Asian Dub Foundation: il potere a tempo di rap

Luca Testoni

Torna a farsi sentire anche dalle nostre parti la truppa anglo-asiatica degli Asian Dub Foundation, in concerto domani sera al Rolling Stone di corso XXI marzo 32 (ore 22, ingresso 13 euro).
Non è un gruppo qualsiasi il "collettivo aperto" che ha messo assieme alcuni figli di immigrati provenienti da India e Bangladesh fondato dal deejay Pandit G e dal chitarrista Chandrasonic. Già, perché la band londinese propone un'immagine di gente asiatica inedita: tanto per capirci, non sono né etnici né tantomeno esotici. Fanno invece musica sperimentale da ballo e riempiono lo spazio con il rumore.
Rumore risultato di una personale miscela di rock, jungle, reggae, elettronica, punk, hip hop e cultura bhangra (la musica nata nelle aree rurali del Punjab). Niente musica da hippy rilassati o da club, dunque. D'altronde, i ragazzi sono piuttosto arrabbiati e quasi fossero i nuovi Clash non rinunciano a "bacchettare" le politiche liberiste del laburista Tony Blair.
Degli Asian Dub Foundation si è parlato (e parecchio) un paio di mesi fa per Gaddafi: a living myth, il musical sul Colonnello che domina la scena libica (e internazionale) da 37 anni, misto di punk, reggae, rap e musiche asiatiche, che porta la loro firma. L'obiettivo dell'opera in bilico tra arti visive e musica elettronica andata in scena a Londra? Tratteggiare le sfaccettature di una figura politica tra le più controverse del nostro tempo, tra Oriente e qualche occidentalismo, potere aggressivo ed eleganza regale, bodyguard donne, duelli verbali ed eccentricità. Il tutto a tempo di rap.
«Gheddafi come lo conosciamo ha due immagini, una creata da lui e l'altra dai media occidentali. Il musical cerca di investigare queste differenze - hanno spiegato gli Asian Dub Foundation, che qualche anno fa hanno riscritto la colonna sonora del film di Mathieu Kassovitz L'odio -. Non lo presentiamo in una luce puramente positiva, sarebbe ridicolo. Ma ha fatto molte cose positive all'interno della Libia, accanto ad alcune negative. È una provocazione, e credo che questa sia una delle cose che l'arte deve fare».

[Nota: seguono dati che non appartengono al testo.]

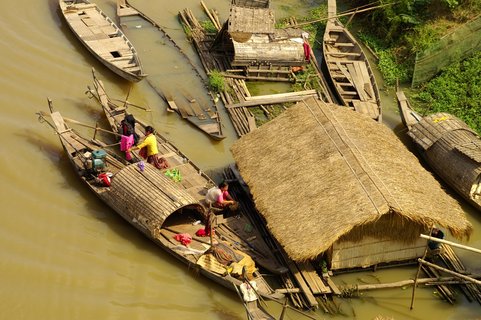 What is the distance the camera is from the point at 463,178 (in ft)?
53.4

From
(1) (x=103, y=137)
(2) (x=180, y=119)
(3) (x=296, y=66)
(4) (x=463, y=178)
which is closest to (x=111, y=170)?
(1) (x=103, y=137)

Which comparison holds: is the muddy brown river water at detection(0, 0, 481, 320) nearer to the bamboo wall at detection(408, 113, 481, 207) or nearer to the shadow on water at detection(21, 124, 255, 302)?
the shadow on water at detection(21, 124, 255, 302)

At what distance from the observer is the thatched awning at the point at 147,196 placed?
545 inches

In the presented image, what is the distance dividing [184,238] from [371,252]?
4.24m

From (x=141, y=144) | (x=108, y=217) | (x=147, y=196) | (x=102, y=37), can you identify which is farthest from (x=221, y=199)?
(x=102, y=37)

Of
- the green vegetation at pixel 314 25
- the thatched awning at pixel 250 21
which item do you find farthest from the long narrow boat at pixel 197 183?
the green vegetation at pixel 314 25

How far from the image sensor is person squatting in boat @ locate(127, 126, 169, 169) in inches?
615

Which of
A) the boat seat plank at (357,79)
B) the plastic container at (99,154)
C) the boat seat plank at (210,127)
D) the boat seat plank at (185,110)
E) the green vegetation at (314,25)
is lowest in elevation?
the boat seat plank at (210,127)

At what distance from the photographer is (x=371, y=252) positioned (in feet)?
46.2

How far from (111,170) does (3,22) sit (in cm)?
845

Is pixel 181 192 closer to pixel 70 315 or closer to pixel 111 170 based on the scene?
pixel 111 170

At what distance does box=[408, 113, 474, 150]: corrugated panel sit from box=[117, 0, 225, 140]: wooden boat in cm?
552

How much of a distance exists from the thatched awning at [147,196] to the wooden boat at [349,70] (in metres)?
7.03

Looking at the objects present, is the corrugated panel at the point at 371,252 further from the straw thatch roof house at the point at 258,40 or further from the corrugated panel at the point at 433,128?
the straw thatch roof house at the point at 258,40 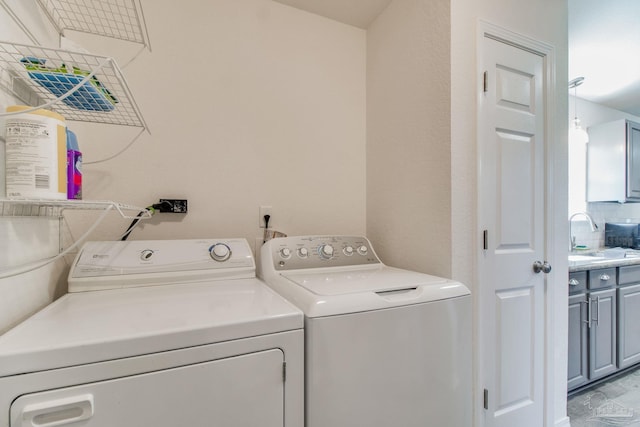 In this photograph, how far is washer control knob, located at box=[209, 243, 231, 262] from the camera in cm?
127

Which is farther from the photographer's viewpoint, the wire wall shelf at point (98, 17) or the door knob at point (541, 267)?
the door knob at point (541, 267)

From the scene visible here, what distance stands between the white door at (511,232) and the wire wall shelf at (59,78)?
1.57m

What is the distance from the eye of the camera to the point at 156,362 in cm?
65

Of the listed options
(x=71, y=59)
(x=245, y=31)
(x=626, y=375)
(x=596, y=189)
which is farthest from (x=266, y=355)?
(x=596, y=189)

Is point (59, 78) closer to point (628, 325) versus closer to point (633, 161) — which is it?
point (628, 325)

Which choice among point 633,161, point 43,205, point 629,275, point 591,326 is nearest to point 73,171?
point 43,205

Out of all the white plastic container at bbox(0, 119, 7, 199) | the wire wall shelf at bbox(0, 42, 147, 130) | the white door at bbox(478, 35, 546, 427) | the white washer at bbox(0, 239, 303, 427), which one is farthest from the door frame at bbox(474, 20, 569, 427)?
the white plastic container at bbox(0, 119, 7, 199)

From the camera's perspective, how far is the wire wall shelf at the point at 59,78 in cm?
78

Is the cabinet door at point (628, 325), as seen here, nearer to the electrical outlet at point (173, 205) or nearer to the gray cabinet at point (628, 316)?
the gray cabinet at point (628, 316)

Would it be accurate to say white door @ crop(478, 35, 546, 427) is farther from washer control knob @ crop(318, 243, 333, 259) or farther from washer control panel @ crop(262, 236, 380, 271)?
washer control knob @ crop(318, 243, 333, 259)

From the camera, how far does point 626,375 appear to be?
2.25m

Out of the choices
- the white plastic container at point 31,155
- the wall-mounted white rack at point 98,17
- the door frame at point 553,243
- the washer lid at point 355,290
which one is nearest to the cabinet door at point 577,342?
the door frame at point 553,243

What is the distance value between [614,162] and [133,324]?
419 cm

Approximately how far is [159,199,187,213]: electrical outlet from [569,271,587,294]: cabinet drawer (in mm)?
2445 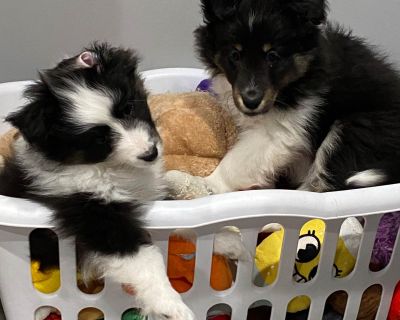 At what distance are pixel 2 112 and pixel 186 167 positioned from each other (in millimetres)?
905

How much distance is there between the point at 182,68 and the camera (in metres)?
3.06

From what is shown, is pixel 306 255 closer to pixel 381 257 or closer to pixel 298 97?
→ pixel 381 257

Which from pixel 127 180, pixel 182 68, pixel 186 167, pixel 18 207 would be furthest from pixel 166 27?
pixel 18 207

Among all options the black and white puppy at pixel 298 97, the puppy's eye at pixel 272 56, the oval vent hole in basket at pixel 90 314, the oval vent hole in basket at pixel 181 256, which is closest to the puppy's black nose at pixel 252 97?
the black and white puppy at pixel 298 97

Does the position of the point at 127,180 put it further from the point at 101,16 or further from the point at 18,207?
the point at 101,16

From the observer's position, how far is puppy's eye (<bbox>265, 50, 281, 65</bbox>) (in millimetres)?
2125

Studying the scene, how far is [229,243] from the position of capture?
1943 millimetres

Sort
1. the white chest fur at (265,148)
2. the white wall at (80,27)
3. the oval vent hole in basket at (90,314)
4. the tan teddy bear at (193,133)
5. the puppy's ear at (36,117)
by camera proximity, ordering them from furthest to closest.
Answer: the white wall at (80,27) < the tan teddy bear at (193,133) < the white chest fur at (265,148) < the oval vent hole in basket at (90,314) < the puppy's ear at (36,117)

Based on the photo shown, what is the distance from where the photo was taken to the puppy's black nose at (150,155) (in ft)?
5.75

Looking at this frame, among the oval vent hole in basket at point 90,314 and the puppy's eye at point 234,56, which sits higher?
the puppy's eye at point 234,56

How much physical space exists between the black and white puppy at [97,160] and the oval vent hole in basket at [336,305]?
0.63 metres

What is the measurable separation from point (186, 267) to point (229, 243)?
0.52 feet

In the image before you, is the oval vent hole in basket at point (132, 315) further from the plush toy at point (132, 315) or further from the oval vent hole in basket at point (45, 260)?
the oval vent hole in basket at point (45, 260)

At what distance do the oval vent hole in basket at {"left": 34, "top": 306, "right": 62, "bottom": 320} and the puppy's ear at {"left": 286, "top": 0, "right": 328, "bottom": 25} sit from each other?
1.29m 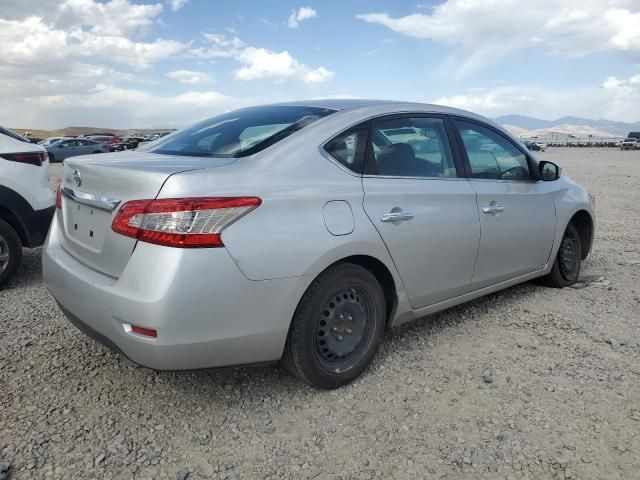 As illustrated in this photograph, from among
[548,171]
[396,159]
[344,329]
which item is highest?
[396,159]

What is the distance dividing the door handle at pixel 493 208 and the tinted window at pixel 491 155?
0.22m

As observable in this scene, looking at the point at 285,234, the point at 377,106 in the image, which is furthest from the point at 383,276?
the point at 377,106

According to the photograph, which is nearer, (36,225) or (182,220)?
(182,220)

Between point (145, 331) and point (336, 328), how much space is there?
104 centimetres

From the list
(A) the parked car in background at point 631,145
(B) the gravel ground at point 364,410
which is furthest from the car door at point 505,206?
(A) the parked car in background at point 631,145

Alla domanda se si sentano più a loro agio come ensemble elettronico o come rock band, la risposta di Chandrasonic e soci è sempre la stessa: «Non abbiamo mai considerato, come musicisti, questo genere di distinzioni, anche se è vero che alla stampa questo genere di categorie spesso fanno comodo. Ci interessiamo al suono, e ci preoccupiamo che le nostre canzoni siano belle: non ci importa molto, poi, se le sonorità che abbiamo utilizzato siano state ottenute con una chitarra acustica o con un campionatore».